"He's a poacher of the imagination, he distorts and sticks a finger right through the rafters of your brain, without you realising it, sans pomp, and with the accuracy and precision of a scientist." - Harriet Verney.
Following the success of Jason Shulman's Photographs of Films series, COB gallery presents Some Work. The exhibition brings elements of Shulman's work together to form a kunstkammer of his various themes.
Utilising optics and simple scientific methods, the artist brings an atmosphere of experimentation to his photographic prints, kinetic and interactive sculpture and mixed-media works, many of which expose the falsehoods that underpin our everyday experience of the physical world.
Among the counter-intuitive pieces in the show is Balancing Pole, a metal pole suspended horizontally from a ribbon that loops round it impossibly far over to one side.
One room of the gallery is dedicated to a body of work that circles around the Martini glass. "I think of the Martini glass as a form, something like a haiku or a limerick for a writer, through which I can channel many different things." Wobble is a Martini sculpture that lurches and hiccups through a drunken dance while Spike is an outsized prong impaling several years' worth of Shulman's personal Martini bar bills covered in gold leaf - 'literally, the gilding of wasted time'.

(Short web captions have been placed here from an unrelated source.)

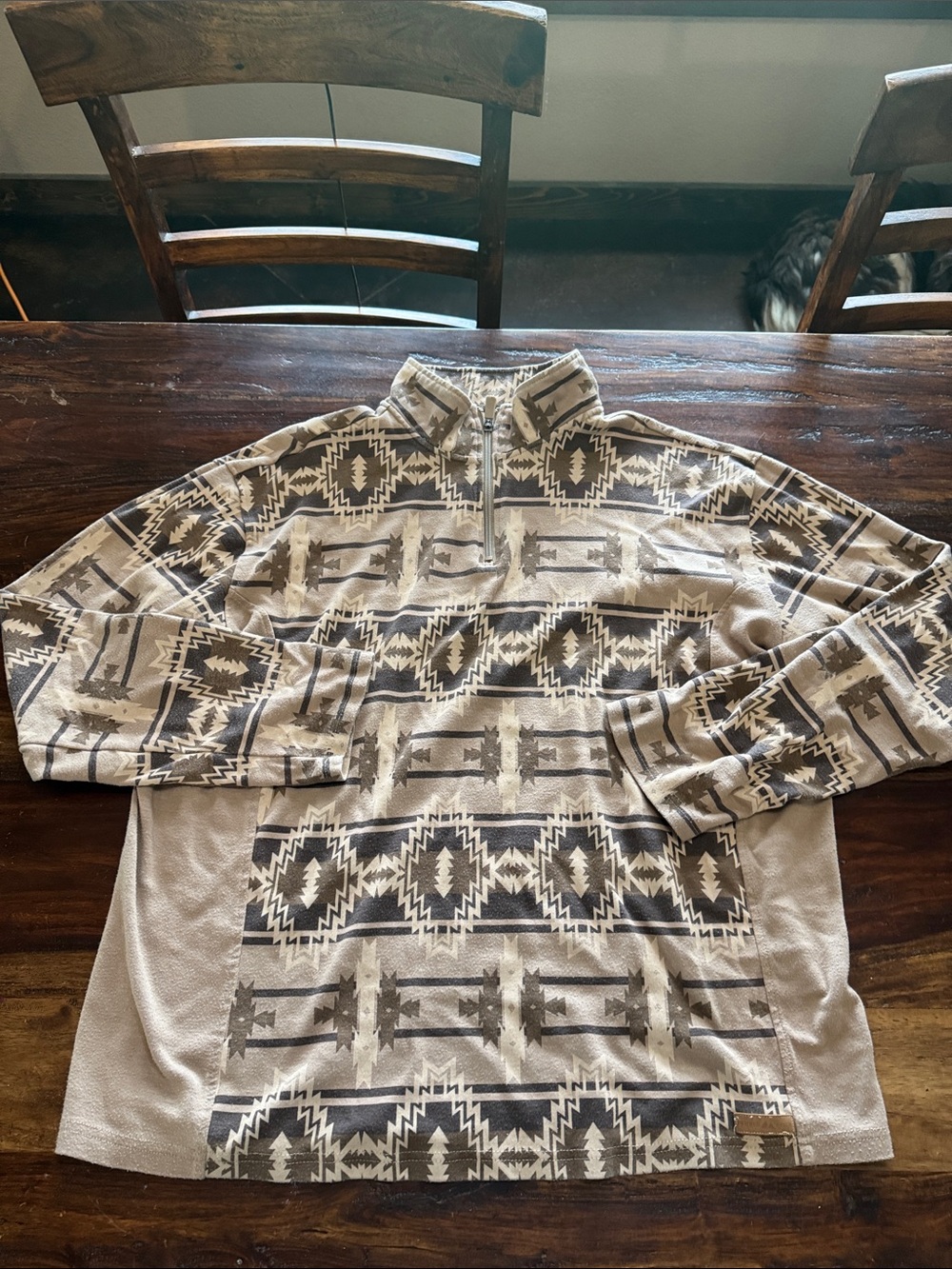 Men's Beige Aztec Quarter-Zip Sweater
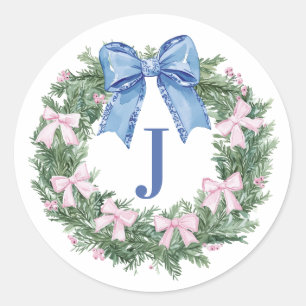 Pegatina Redonda Navidades de Grandmillennial Wreath Mpnogram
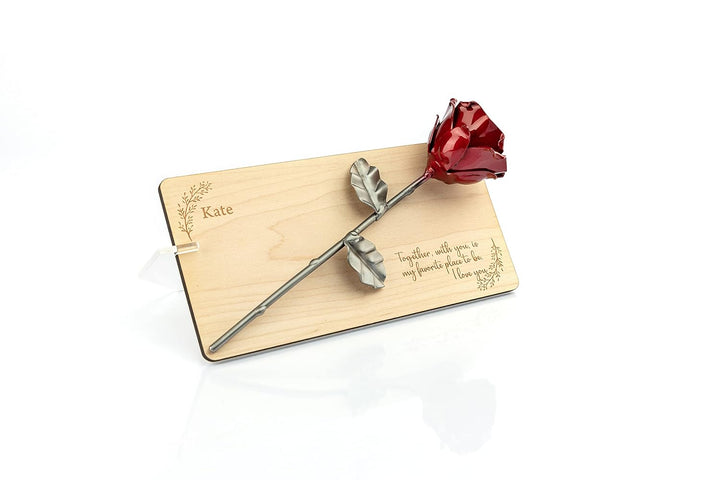 Forging Art Bcn Rose aus Schmiedeeisen auf Holzrahmen mit personalisierter Gravur (Walnuss), Walnuss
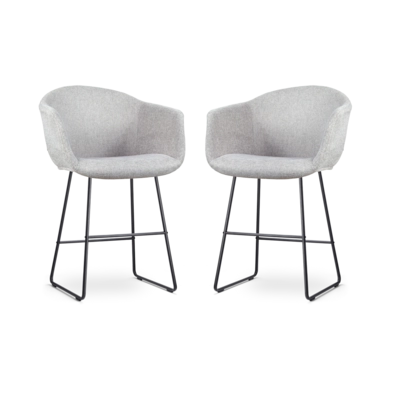 Nolon Nino-Otis Barkrukken Set van 2 - Lichtgrijs - Zwart - 65 cm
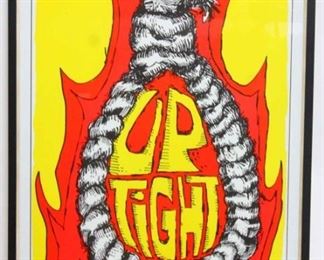 1004 - Vintage 1971 Up Tight poster by Reese James new old stock, newly framed 38 x 25.5

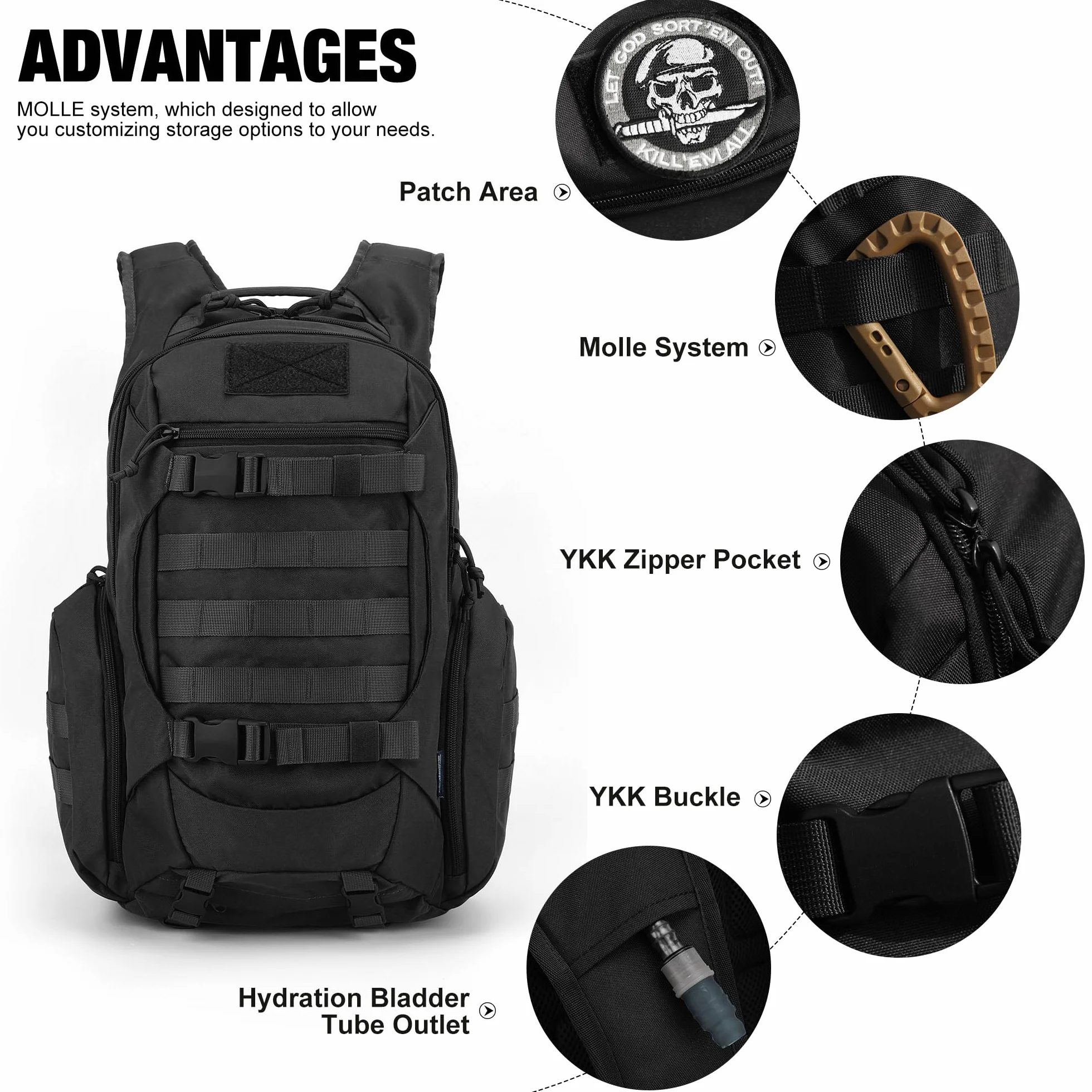 Mardingtop Sac à Dos 28 L/35 L - pour Adulte - Tactique - Sac à Dos de randonnée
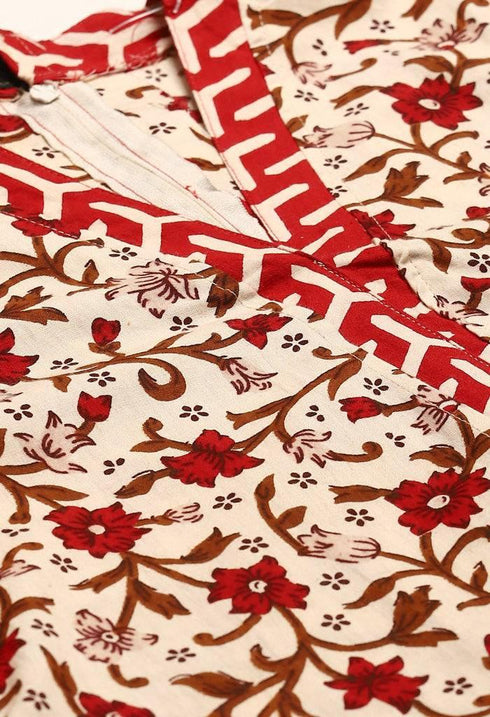 Beige Pure Cambric Cotton Printed Unstitched Salwar Suit Material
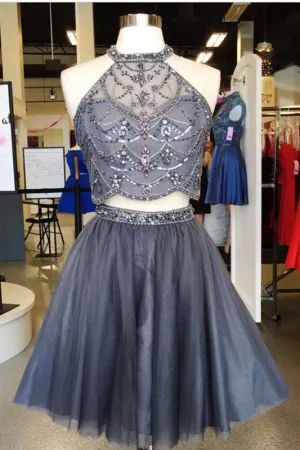 Two Piece Short Grey Homecoming Dresses With Beading Sexy Prom Party Dress OK515
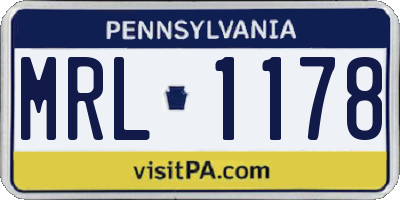PA license plate MRL1178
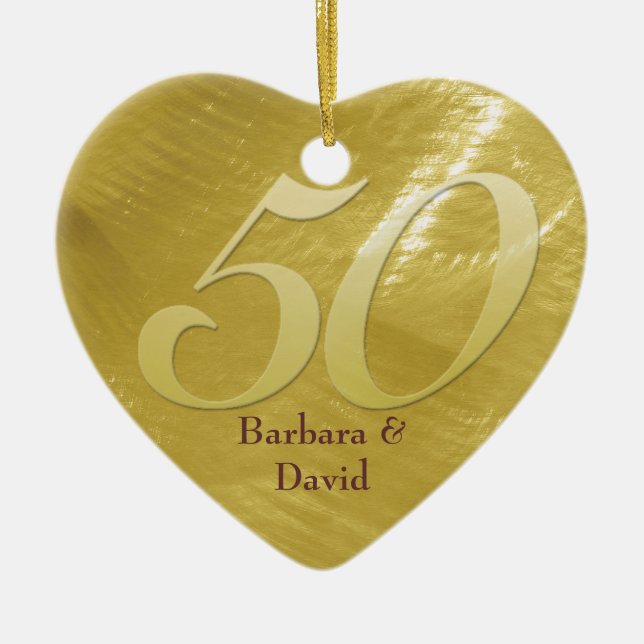 Ornement d'or d'anniversaire de Métal-Regard (Devant)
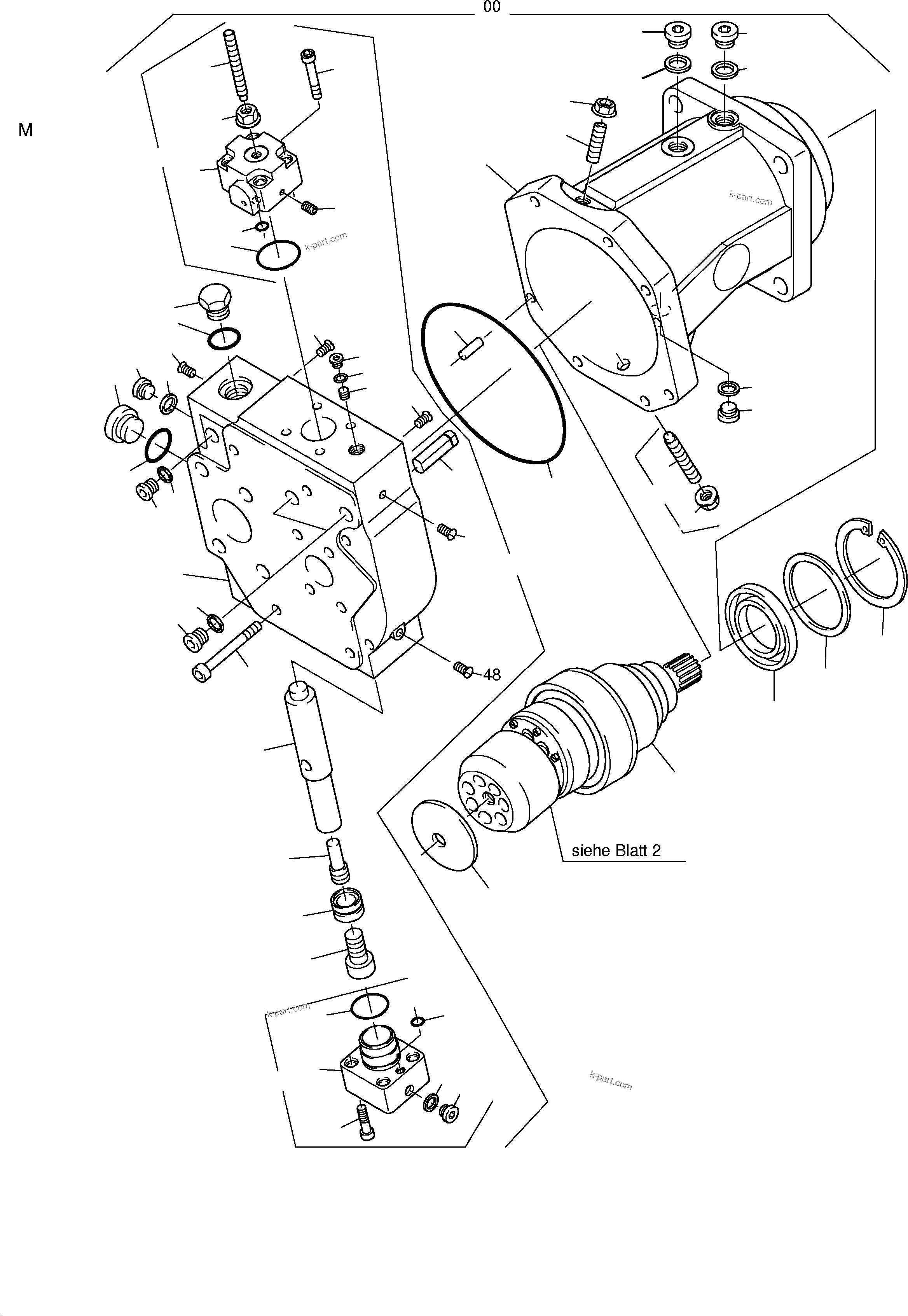 Komatsu parts book diagram for PC3000-1 S/N 06190: HYDR. PUMP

A series of scratched and scarified photographic prints from the original 1933 movie of King Kong approaches the theme from another angle where Kong stands as an icon of the drinker and Fay Wray as the addictive and alluring object, her shape in the stills echoing a Martini glass.
Another body of work extends the artist's exploration of light. In response to paintings that have represented light as a solid object in the form of halos or the shafts seen in ascension paintings, Halo renders light as sculpture by creating a luminous 3-D sphere that hovers round a candle flame, while Lilac Ray projects a shard of light from a black cone. The exhibition also includes the mixed media piece Light bulb, where the light that appears to be cast by a bulb is, in fact, an idealized, painted interpretation.
A Small Piece of My Father is made from the cremated remains of Shulman's father. The process of making the piece began by extracting as much iron as possible from the ashes, followed by sieving and filtering the remains in search of fragments of different shades of black, white and grey, a meditative process Shulman has compared to sitting shivah over the dead. He then arranged the remains in tonal bands within a phial, with the magnetic iron fragments at one end. The work has it's own level of mortality, held in suspension by a magnetic field, it rests in a fragile state of grace, suspended between life and death.
Some Work reveals Shulman as a sculptor whose unique visual language, extending into photography, film and painting, constantly returns to experimenting with the delusiveness of perception.